In New Jersey, Gov-elect Phil Murphy, a Democrat, pledged his support for Mr. Gottheimer's proposal at a news conference Friday. Mayors from three towns in Bergen County, where state records show the average residential property-tax bill topped $11,000 in 2016, said they would move to establish charitable funds.

Mr. Murphy said he would look into minimizing the new tax bill's impact statewide after he takes office later this month, both through legal action and possibly using a payroll tax. But the charitable fund proposal represents a time-tested tactic that can quickly be put into effect, he said.

"This one we believe has real legs and real precedent," Mr. Murphy said. "We are all in on this."

An example of how Mr. Gottheimer's proposal could work: A taxpayer who owes $15,000 in property taxes could contribute the same amount to her town's charitable fund. The town would then give the taxpayer a credit of up to $15,000, which could only be applied toward her property-tax bill.

Under the new law, the taxpayer could only deduct $10,000 in local and state taxes from her federal liability. But under Mr. Gottheimer's proposal, the taxpayer could deduct the $15,000 she contributed to her local charitable fund. Individual towns and cities would determine the amount of credit they would offer to taxpayers.

E. Martin Davidoff, a certified public accountant and tax attorney based in Dayton, N.J., said he didn't think the proposal would pass legal muster because charitable deductions are typically allowed only for contributions that were made without receiving any benefit in return. Someone at a charity auction who spends $15,000 to purchase a painting that is valued at $10,000, for example, can only deduct $5,000 on their tax return, he said.

"It's not going to work," Mr. Davidoff said about Mr. Gottheimer's proposal. "If it does work, it will be plugged up so fast that your head will spin, within a year or two the federal government will shut it down."
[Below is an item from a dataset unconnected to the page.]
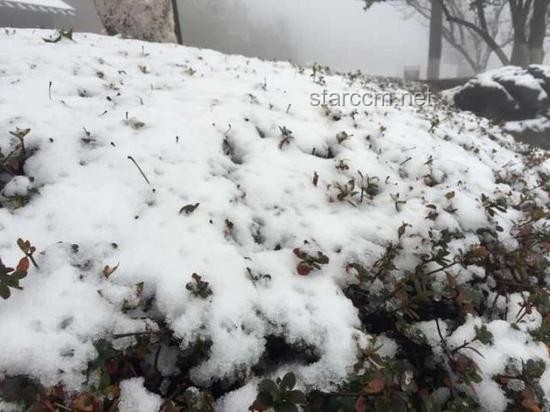 冬季日初·雪境創新啟示錄，大雪，靈感迸發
That could happen through formal guidance from the Internal Revenue Service, a new law from Congress or a more drawn-out court process in which the IRS challenges the claimed charitable contribution in an audit and a taxpayer fights it.

Mr. Gottheimer said he believed the use of charitable funds would be legal. Similar programs exist in more than 20 other states, Mr. Gottheimer said.

The IRS media office didn't immediately respond to a request for comment.

Republican Rep. Tom MacArthur, who was the only member of New Jersey's 14-member delegation to vote in favor of the tax bill, hadn't yet reviewed the details of Mr. Gottheimer's plan Friday. But a spokeswoman said in an email that Mr. MacArthur "remains committed to working with his colleagues to provide tax relief for New Jerseyans, which is exactly what The Tax Cuts and Jobs Act does."

There are already parallel programs in which states offer income-tax breaks for charitable donations. New York offers a maximum tax credit of $5,000 to landowners who enter into an agreement, known as conservation easements, with the state to protect land from development or certain usage. California also offers tax credits for conservation easements, as well as credits for 50% of contributions to a state fund for low-income college students.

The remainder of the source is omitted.